The Market at Commerce—a Magnolia Economic Development 4B Corp. project to turn a parcel of land in downtown Magnolia into a parking and market space—is anticipated to be completed in 2024, Magnolia Economic Development Director Rachel Steele said.

“The board had been looking strategically for quite a while to look for that significant project that we could initiate and get started that would have some impact [in downtown],” Steele said.

The project will be located on a 1.5-acre parcel of land on Commerce Street between Classic Collision and the Magnolia United Methodist Church, and add about 100-135 parking spaces, Steele said.

She said more parking would help provide relief for the businesses along The Stroll, the paved pathway between FM 1488 and Sanders Street.

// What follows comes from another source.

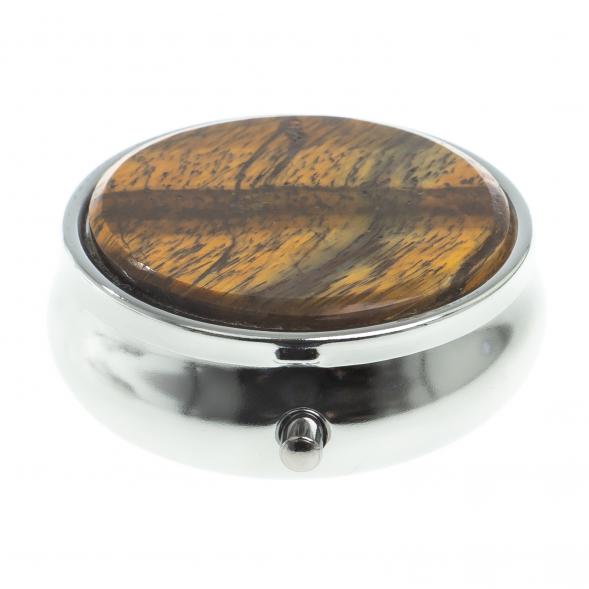 Таблетница на 3 отсека камень тигровый глаз цвет серебро 123200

“We’re very excited because not only will it provide parking, but it will also [allow] us to facilitate local market drives, local farmers markets or pop-ups that may be able to come in and [be] legally permitted through the city, building an organic entrepreneurial system here in town,” Steele said.

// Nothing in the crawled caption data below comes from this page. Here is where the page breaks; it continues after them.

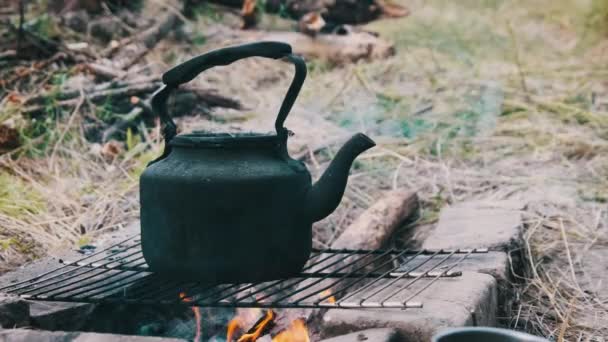 スモークされたティーポットは 地面に石で作られた自作の観光用ストーブの上に沸騰した水です 自然の中で観光キャンプファイヤーに立っている古いヴィンテージケトル 森でボンファイアでお茶を作る — ストック動画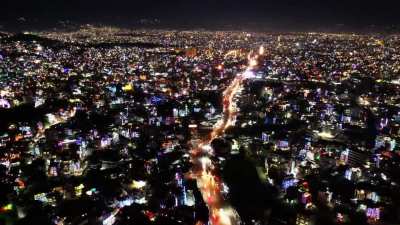 Kathmandu during Tihar - Drone shots 4K
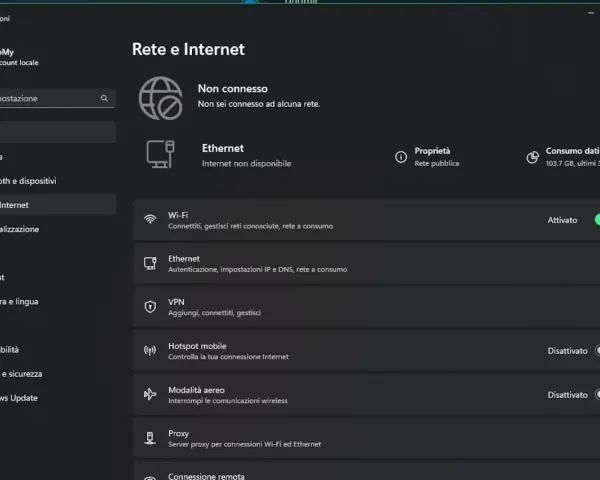 Impostazioni di Rete e Internet: "Non è possibile connettersi a questa rete". Wi-Fi attivo, Ethernet non disponibile.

She said the corporation is also looking to create an established farmers market policy and program as part of its 2024 goals.

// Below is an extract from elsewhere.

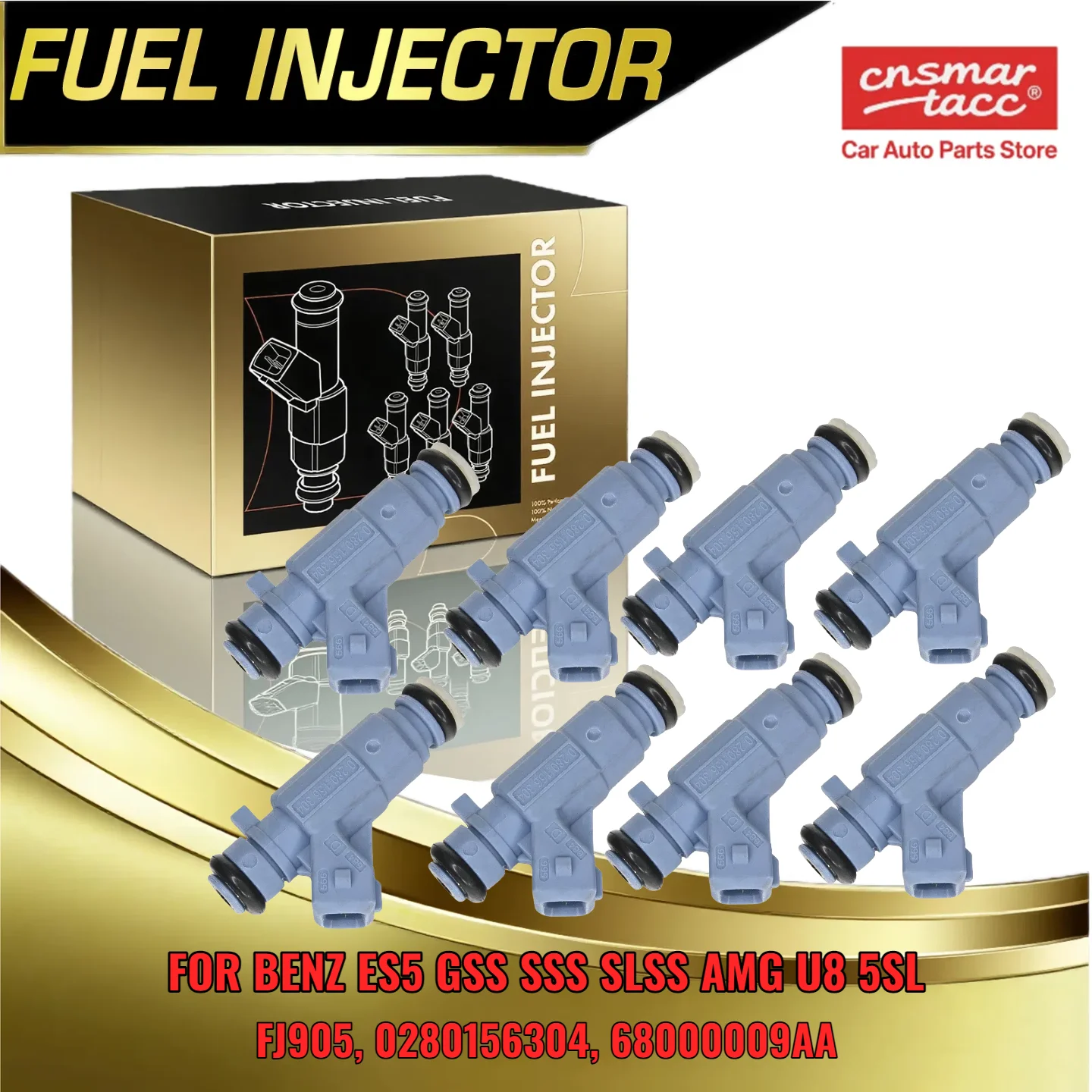 

8x Car Injector for Mercedes-Benz CL203 W220 W463 R230 CL55 AMG 03-06 V8 with FJ905 0280156304 68000009AA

“Hopefully [we will] coincide that with the development of the tract,” Steele said.

The Market at Commerce project, funded by the 4B corporation, is projected to cost around $700,000, Steele said.

Created in the 1990s, the 4B Corp. works to expand commercial enterprise in Magnolia while also assisting with quality of life development, she said.

Steele said Venturi Engineering is providing the engineering services, and Studio Avid is the landscape architect for the project.

The landscape architect is working on identifying plants that will help shade the parcel, while the engineer is looking at site development options.

“The Stroll is one of several commercial districts in the city, and it was time to see what we could do to infuse interest in the area,” Steele said. “Is it a final fix? No, I think things are always a work in progress. ... But we hope that this will be a very large step toward getting some sustainable development down there in quite some time.”